» **GOAL OF THE EXERCISE**
After locating the line that contains "May include: A", output that line and each one following it, exactly, to the end of the entries. No pictures.

┏━━

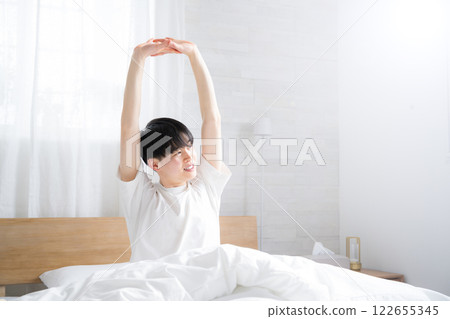 一個年輕人在床上醒來，沐浴著早晨的陽光，伸展著雙臂 122655345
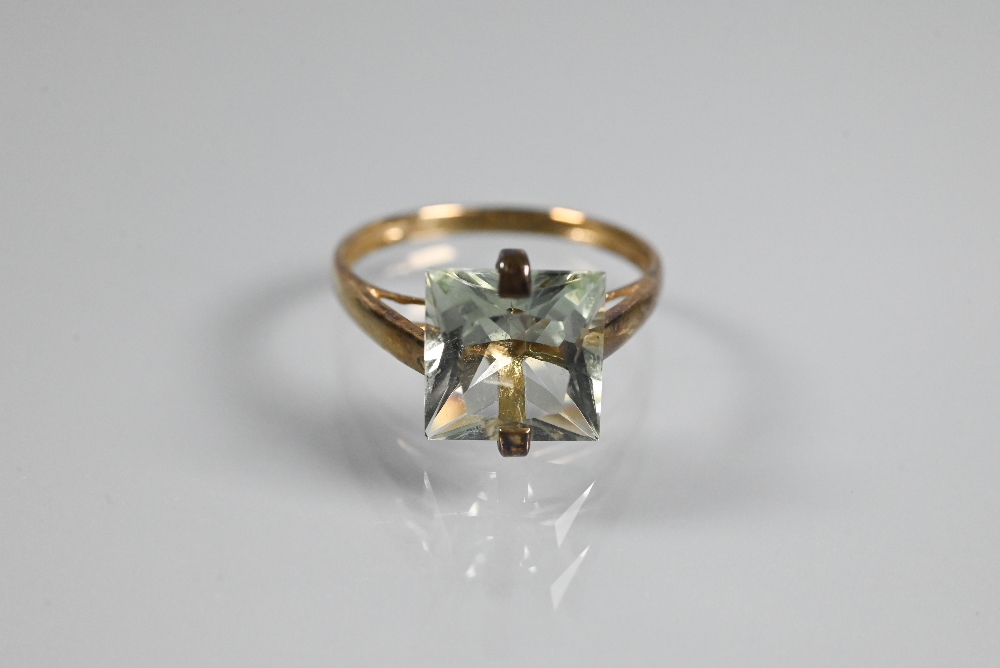 An oval aquamarine set in yellow metal scroll setting stamped 585, size O c/w accompanying - Image 2 of 9
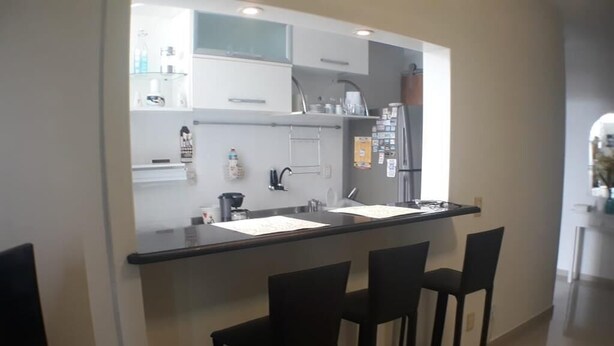 Cuina moderna amb taulell negre, tres tamborets i un frigorífic.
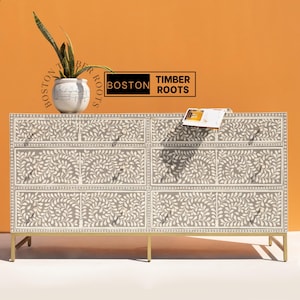 May include: A gray and white dresser with six drawers, adorned with a leaf pattern. The dresser has gold-colored legs and drawer pulls. A potted plant and a book rest on top. The brand name "BOSTON TIMBER ROOTS" is visible.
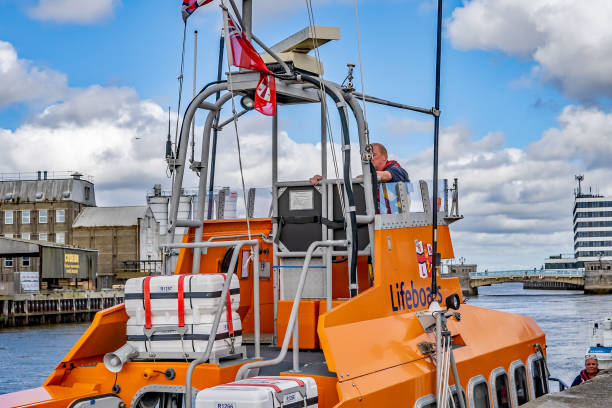 close up of orange rnli inshore lifeboat moored up in yarmouth docks and on display during the annual maritime festival - great yarmouth england norfolk river imagens e fotografias de stock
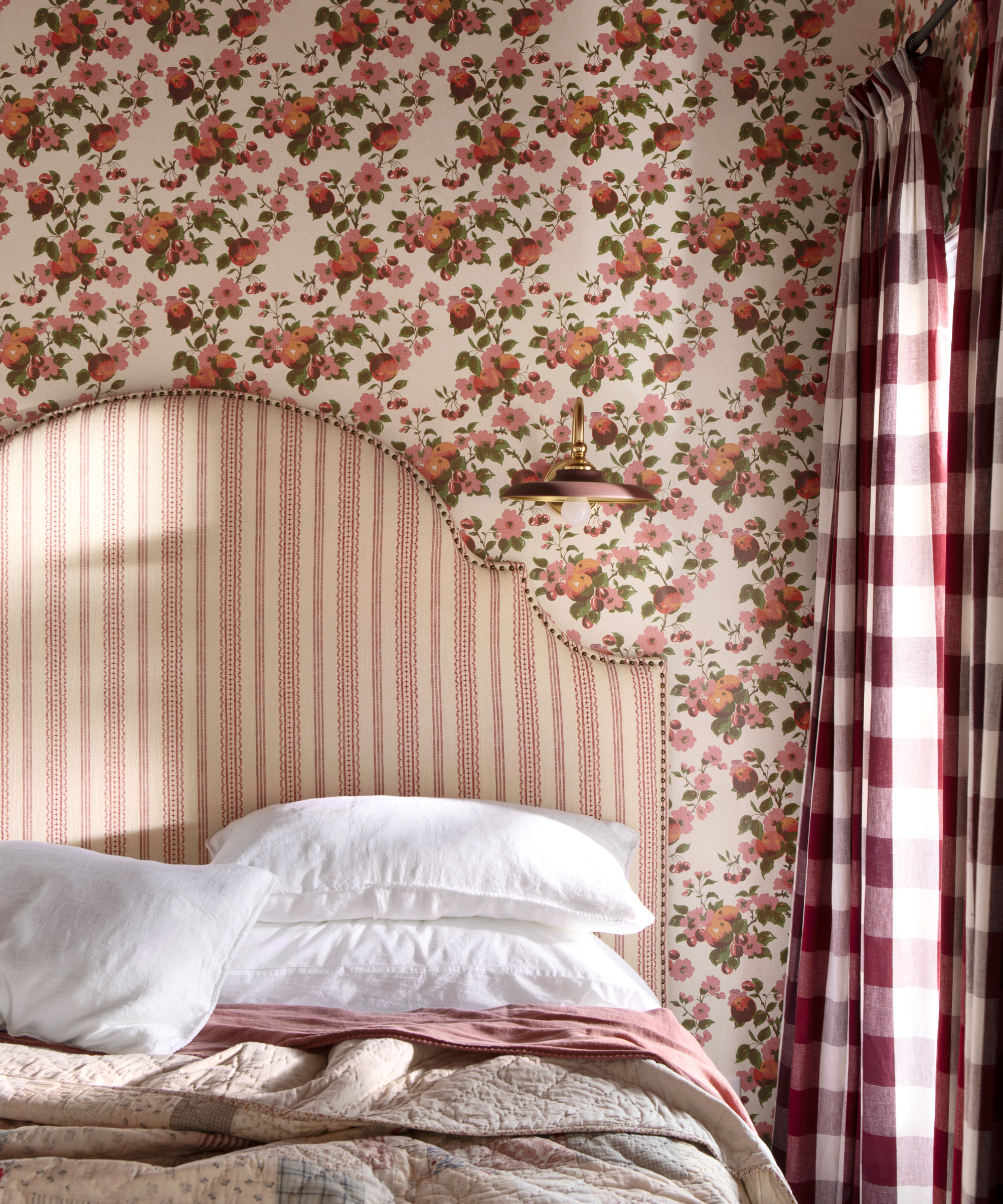 ein Schlafzimmer mit roter Blumentapete, Gingham-Vorhängen und einem gestreiften roten Kopfteil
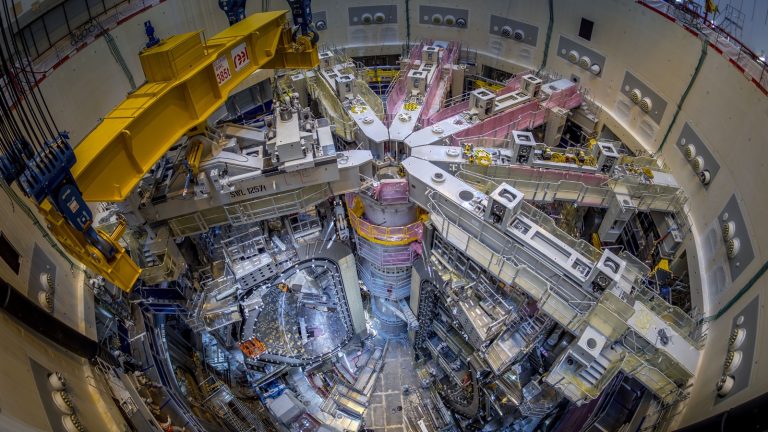 Vue plongeante du puits d'assemblage du tokamak ITER, avec les segments du vaisseau à vide, les portiques blancs et un pont roulant jaune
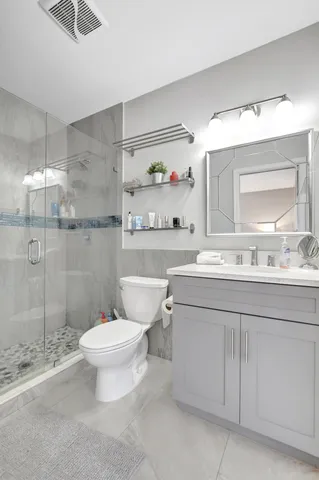 a bathroom with a sink toilet vanity and shower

┗━━

» **RESULT**
 May include: A gray and white dresser with six drawers, adorned with a leaf pattern. The dresser has gold-colored legs and drawer pulls. A potted plant and a book rest on top. The brand name "BOSTON TIMBER ROOTS" is visible.
 close up of orange rnli inshore lifeboat moored up in yarmouth docks and on display during the annual maritime festival - great yarmouth england norfolk river imagens e fotografias de stock
 ein Schlafzimmer mit roter Blumentapete, Gingham-Vorhängen und einem gestreiften roten Kopfteil
 Vue plongeante du puits d'assemblage du tokamak ITER, avec les segments du vaisseau à vide, les portiques blancs et un pont roulant jaune
 a bathroom with a sink toilet vanity and shower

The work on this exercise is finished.